By Binoy Kampmark - posted Tuesday, 19 May 2020


When it comes to the politics of medicine and disease, the United States has always attempted to steal the limelight, while adding the now faded colouring of universal human welfare. In 1965, Washington pledged financial and technical support to the international effort to eradicate smallpox, though the initiative had initially been spurred by the Soviet Union at the behest of virologist and deputy health minister Victor Zhdanov in 1958. At that point in time, the World Health Organisation was not so much a punch bag as vehicle for US foreign policy, to be cultivated rather than rebuked.

As with the eradication of smallpox, a forced language of solidarity is coming into being with efforts to find a vaccine for the novel coronavirus. But behind it, there is backbiting and hostility, suspicion and paranoia. Like putting the first person on the moon, the matter is one of divided political endeavours.

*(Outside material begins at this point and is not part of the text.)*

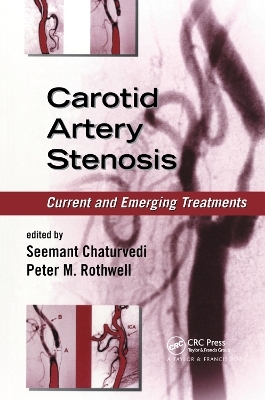 Carotid Artery Stenosis -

One such effort of solidarity, and a not very convincing one at that, was made at this month's Coronavirus Global Response Pledging Conference. The European Commission gave it a deceptively united title: "Joining forces to accelerate the development, production and equitable access to COVID-19 vaccines, diagnostics and therapeutics – on-line pledging event." Representatives from 43 countries, a range of non-profit entities and scientific groups also added to the number.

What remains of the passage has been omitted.